Okay, rebased on top of the current master[1].

git://git.kernel.org/pub/scm/linux/kernel/git/tj/misc.git tj-percpu

The rebased commit ID is e7f538f3d2a6b3a0a632190a7d736730ee10909c.

There were several changes which didn't fit the rebased tree as they
really belong to other branches in the x86 tree. I'll re-submit them
as patches against the appropriate branch.

Thanks.

--
tejun

[1] 5ee810072175042775e39bdd3eaaa68884c27805

2009-01-28 08:13:17

by Tejun Heo

[permalink] [raw]
Subject: Re: [PATCH] percpu: add optimized generic percpu accessors

Tejun Heo wrote:
> Okay, rebased on top of the current master[1].
>
> git://git.kernel.org/pub/scm/linux/kernel/git/tj/misc.git tj-percpu
>
> The rebased commit ID is e7f538f3d2a6b3a0a632190a7d736730ee10909c.
>
> There were several changes which didn't fit the rebased tree as they
> really belong to other branches in the x86 tree. I'll re-submit them
> as patches against the appropriate branch.

Two patches against #stackprotector and one against #cpus4096 sent
out. With these three patches, most of stuff has been preserved but
there are still few missing pieces which only make sense after trees
are merged. Will be happy to drive it if the current branch looks
fine.

Thanks.

--
tejun

2009-01-28 10:39:22

by Rusty Russell

[permalink] [raw]
Subject: Re: [PATCH] percpu: add optimized generic percpu accessors

On Tuesday 27 January 2009 12:54:27 Tejun Heo wrote:
> Hello, Rusty.

Hi Tejun!

> There actually were quite some places where atomic add ops would be
> useful, especially the places where statistics are collected. For
> logical bitops, I don't think we'll have too many of them.

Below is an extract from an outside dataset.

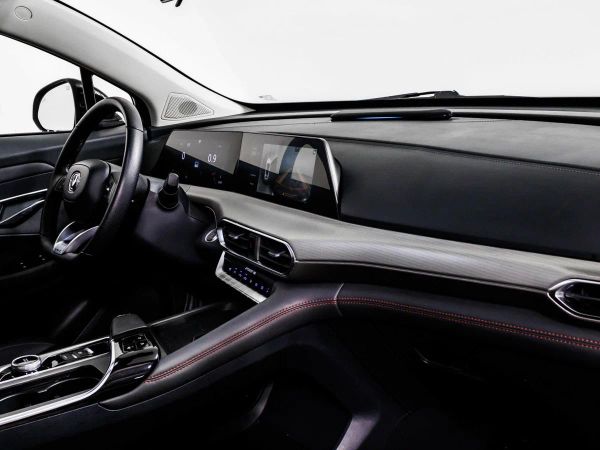 Changan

If the stats are only manipulated in one context, than an atomic requirement is overkill (and expensive on non-x86).

> > If they are worth doing generically, should the ops be atomic? To
> > extrapolate from x86 usages again, it seems to be happy with
> > non-atomic (tho of course it is atomic on x86).
>
> If atomic rw/add/sub are implementible on most archs (and judging from
> local_t, I suppose it is), I think it should. So that it can replace
> local_t and we won't need something else again in the future.

This is more like Christoph's CPU_OPS: they were special operators on normal per-cpu vars/ptrs. Generic version was irqsave+op+irqrestore.

I actually like this idea, but Mathieu insists that the ops be NMI-safe, for ftrace. Hence local_t needing to be atomic_t for generic code.

AFAICT we'll need a hybrid: HAVE_NMISAFE_CPUOPS, and if not, use atomic_t
in ftrace (which isn't NMI safe on parisc or sparc/32 anyway, but I don't think we care).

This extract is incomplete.